- [ABOUT THIS EXERCISE]:
Copy out the listing that follows, exact in every word, and skip the images.

- [GIVEN ENTRIES]:
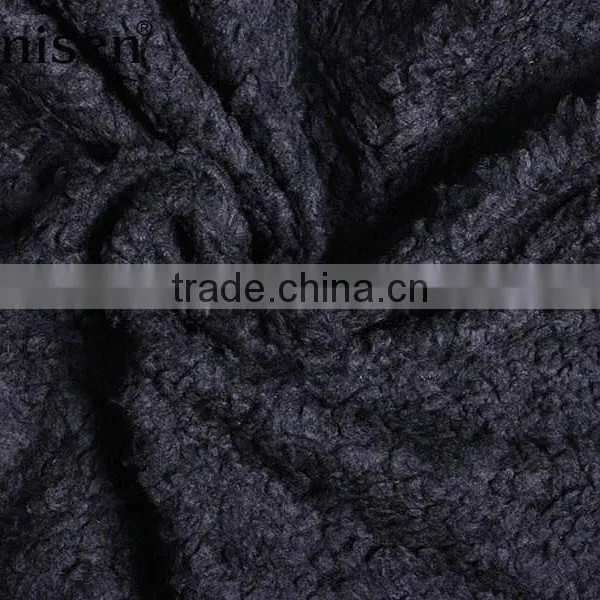 Stock Windproof Winter Fleece Man Jacket photo-6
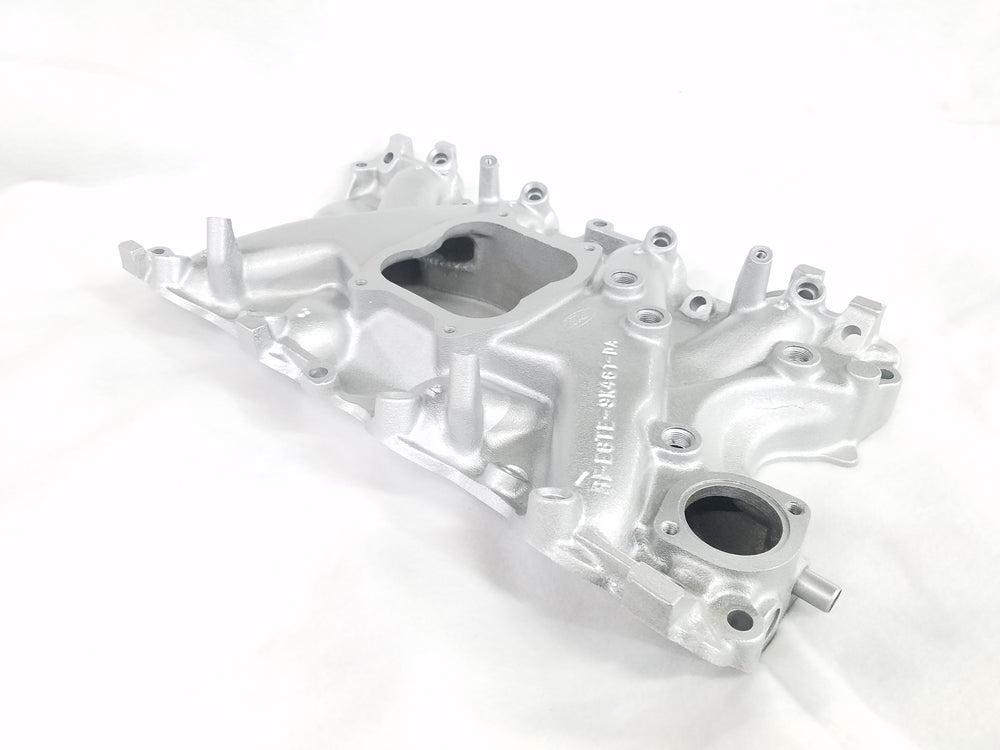 Performance Modified Intake
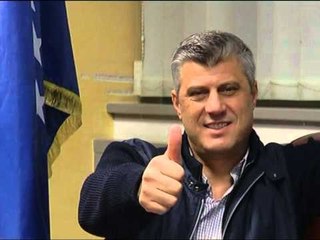 AKUZAT E DIK MARTI EUROPA KISHTE DIJENI PER AKTIVITETET E THACIT LAJM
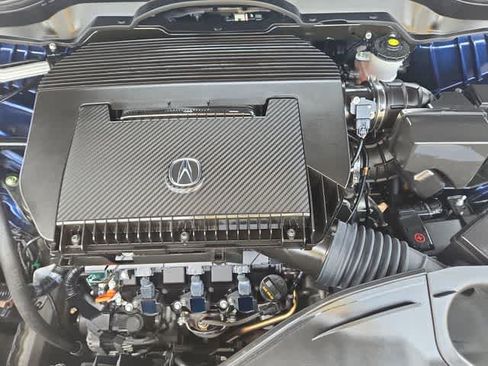 Used 2024 Acura MDX FWD w/ Technology Package image 14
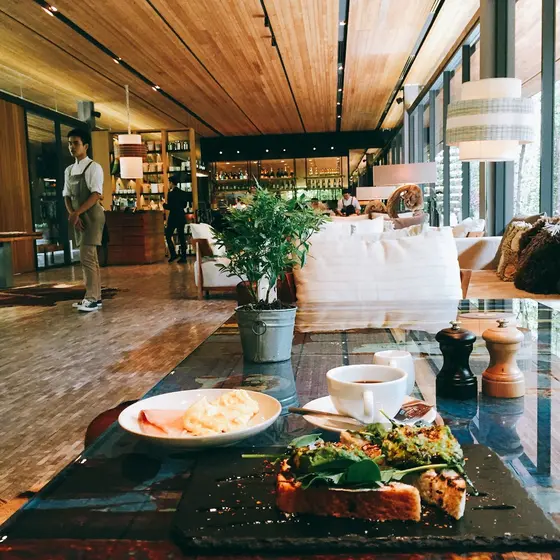 あさごはん🍽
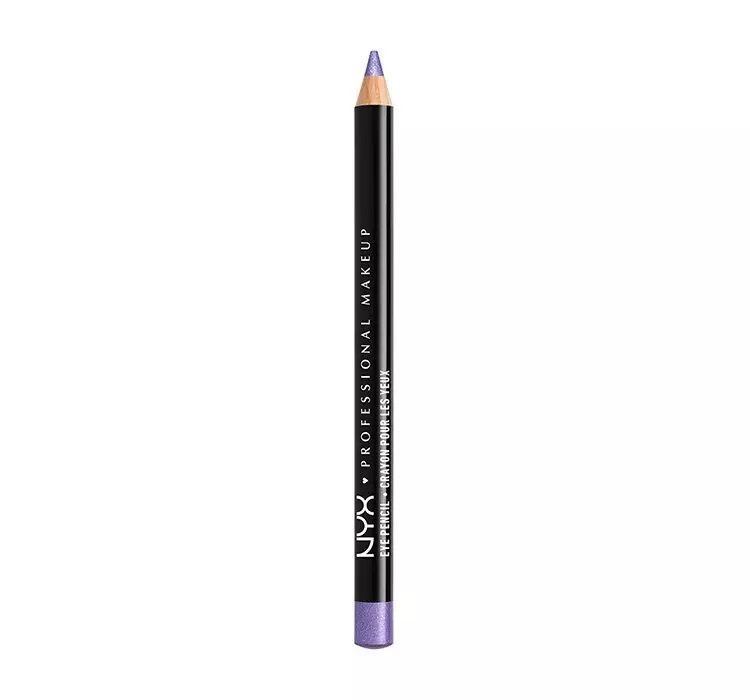 NYX PROFESSIONAL MAKEUP EYE PENCIL KREDKA DO OCZU 935 LAVENDER SHIMMER 1,1G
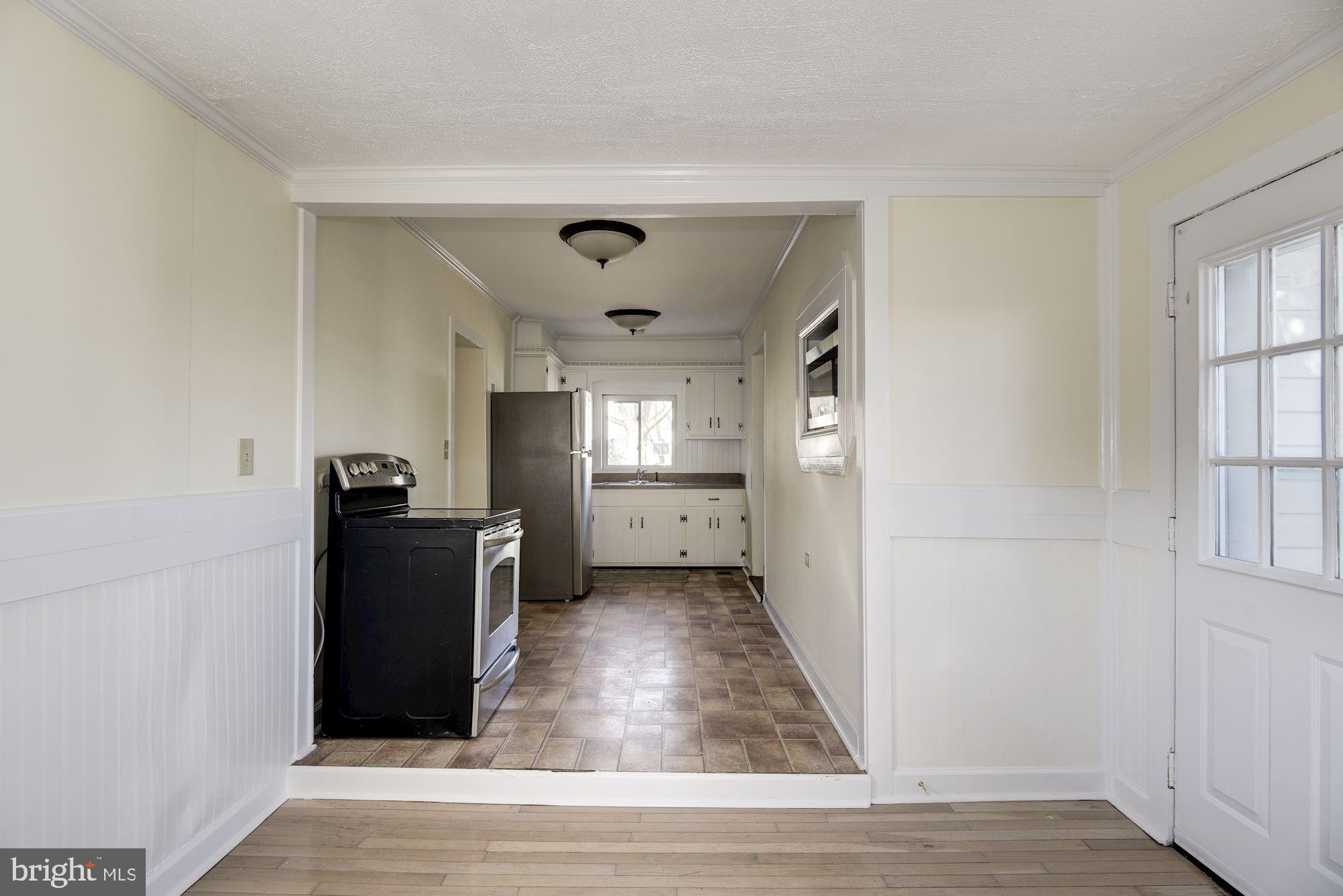 2981 Florence Road Woodbine, MD 21797 - Photo 13 of 27 View from Kitchen Table Area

- [OUTPUT]:
 Stock Windproof Winter Fleece Man Jacket photo-6
 Performance Modified Intake
 AKUZAT E DIK MARTI EUROPA KISHTE DIJENI PER AKTIVITETET E THACIT LAJM
 Used 2024 Acura MDX FWD w/ Technology Package image 14
 あさごはん🍽
 NYX PROFESSIONAL MAKEUP EYE PENCIL KREDKA DO OCZU 935 LAVENDER SHIMMER 1,1G
 2981 Florence Road Woodbine, MD 21797 - Photo 13 of 27 View from Kitchen Table Area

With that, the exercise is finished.